Well guys I hope the fishing gets better this week if not I'm in trouble come tourney day.. I put in on the sound side of Johnson beach Saturday morning with live shrimp and gulps paddled over to big lagoon nothing was goin on except me feeding penfish live shrimp yakavelli was out ther I chatted with him for few then back to fishing or should I say nothin got skunked. I put in at Sanders beach today to give Chico a try with live shrimp and gullps again same thing as yesterday pretty much fished around the mouth for a while with no success I anchored up and caught a catfish and had seen three guys come by in pa's so I pulled anchor to go see if they was doin any good they was fishing the bridge said they was trying for sheepies but I chatted for a few then decided to drop a shrimp down. Got nibbled a few times and then I got this lil black drum and gave it to one of the guys in the pa's not much after that fished for bout another hour and called it quits. Well I still havnt found a trout or redfish bite but maybe it will all change this week. Till next time (o and to the guys in the pa's if yall get on here nice talkin to yall and sorry bout reffering to yall as the guys in the pa's didn't think to get yalls name or see if yall got on here lol hope that drum was tasty)


----------



## Fisherdad1 (Oct 4, 2007)

Right there with ya. Biggest trout lately was 18 inches.

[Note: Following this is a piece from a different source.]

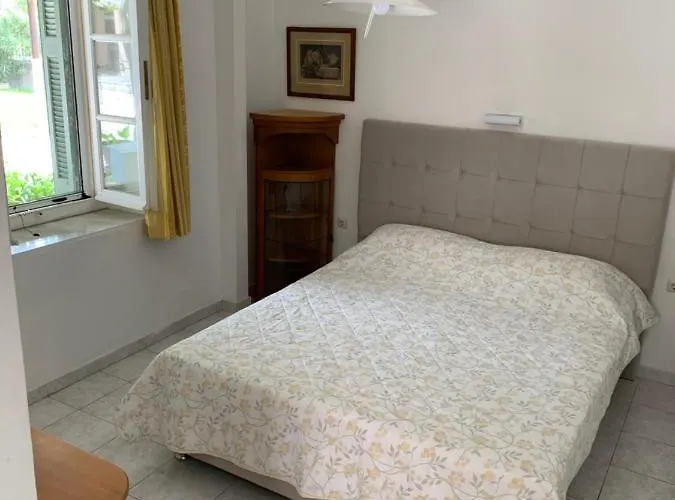 Filoxenia Kontogiannis Λαζαράτα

No reds and no flounder and only 2 bait size croaker in 3 weeks of trying.


----------



## fishn4fun (May 11, 2008)

Today and yesterday were tough for me as well. yesterday I fish an area where I caught 30+ trout on Tues and didn't get one bite. Today I fish an area the holds occasional flounder but only found 2 10"ers and a 16" red still no trout there either hope I can find something Saturday this was my last chance to fish before then


----------



## Yakavelli (Mar 17, 2010)

Gonna be interesting next Saturday for sure. I'm not exactly confident, but I am optimistic. Somebody's GOTTA catch something...


----------



## chaps (Aug 31, 2009)

Yes sir. I did manage a couple 20" trout today but man it was bad. It could be interesting next week.


----------



## Flatspro (Oct 3, 2007)

Today was tough again. I did manage a legal slam but doubt it broke 7lbs total!!! LOL!


----------



## Ardiemus (Oct 12, 2010)

Thanks for showing us up Chad......


----------



## Flatspro (Oct 3, 2007)

Didn't get a bite for 4 hours then caught all 3 in like 10 min. Think of the smallest possible slam and that was it. I wouldn't of kept any of them except the flounder but he's dead now. So nothing to get happy about I was in little Sabine trying to stay out of the wind. Our a, b, c and d spot haven't produced a fish since last Sunday. I can't figure this shit out?? What happened?


----------



## chaps (Aug 31, 2009)

I think im going to fish the same exact places I've been going and hopefully they cooperate. Last year I seem to go to unfamilar water and don't catch much.


----------



## FLSalomon (Oct 3, 2007)

I was out in the river Saturday - launched from Simpson's. Got 2 trout early, then a small red. Pedaled around for several hours, nothing. But the Ospreys were killing it - literally. Did get a 19" trout on the way back in. 

Saw a couple of other yakkers and asked them about the tournament - they were in. They did think everybody had to launch from Shoreline... Saw a couple of newbies - one guy brand new to the area, new yak, Bama student here doing an internship at Gulf Power.


----------



## Ginzu (Nov 16, 2011)

A lot can happen between now and Saturday. Keeping my fingers and toes crossed!


----------